**Your task:** Everything in the listing except the pictures should be written out exactly.

**Information shown:**
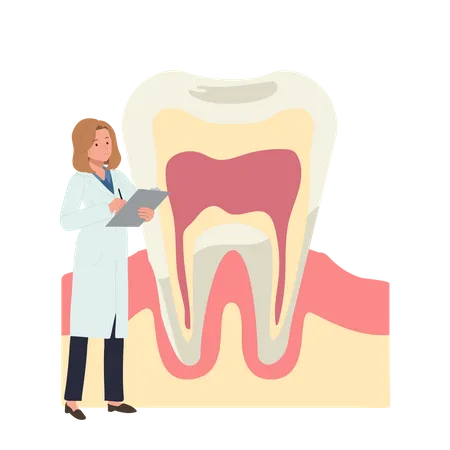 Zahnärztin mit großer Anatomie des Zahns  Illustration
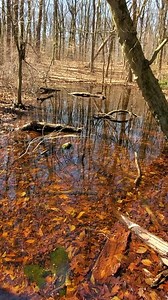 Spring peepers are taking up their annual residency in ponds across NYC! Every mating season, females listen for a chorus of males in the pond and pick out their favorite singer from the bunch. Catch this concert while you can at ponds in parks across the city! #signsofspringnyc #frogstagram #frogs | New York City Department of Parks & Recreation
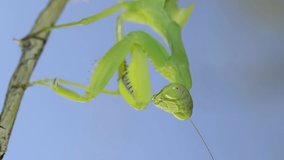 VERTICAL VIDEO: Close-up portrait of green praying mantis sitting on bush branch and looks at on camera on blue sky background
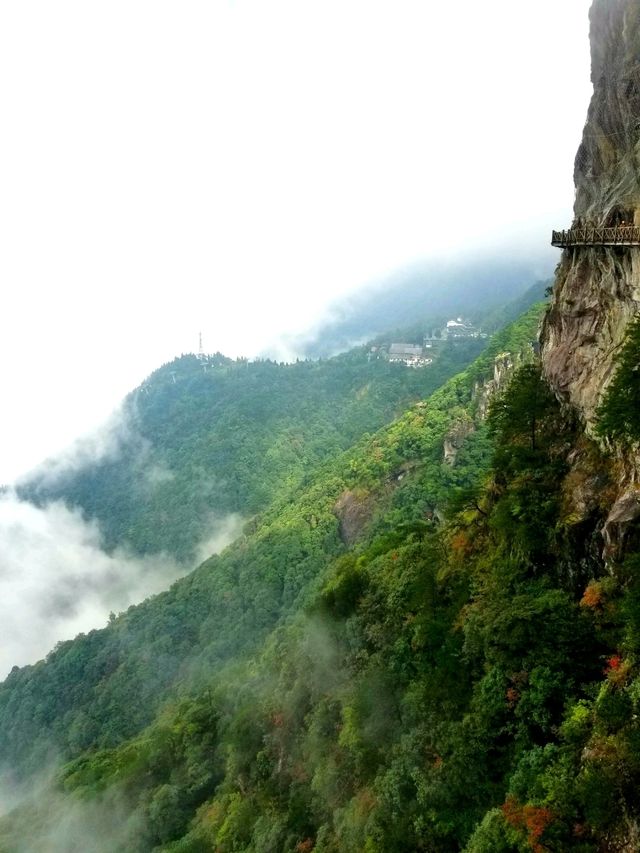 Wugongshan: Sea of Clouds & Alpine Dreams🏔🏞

**Output:**
 Zahnärztin mit großer Anatomie des Zahns  Illustration
 Spring peepers are taking up their annual residency in ponds across NYC! Every mating season, females listen for a chorus of males in the pond and pick out their favorite singer from the bunch. Catch this concert while you can at ponds in parks across the city! #signsofspringnyc #frogstagram #frogs | New York City Department of Parks & Recreation
 VERTICAL VIDEO: Close-up portrait of green praying mantis sitting on bush branch and looks at on camera on blue sky background
 Wugongshan: Sea of Clouds & Alpine Dreams🏔🏞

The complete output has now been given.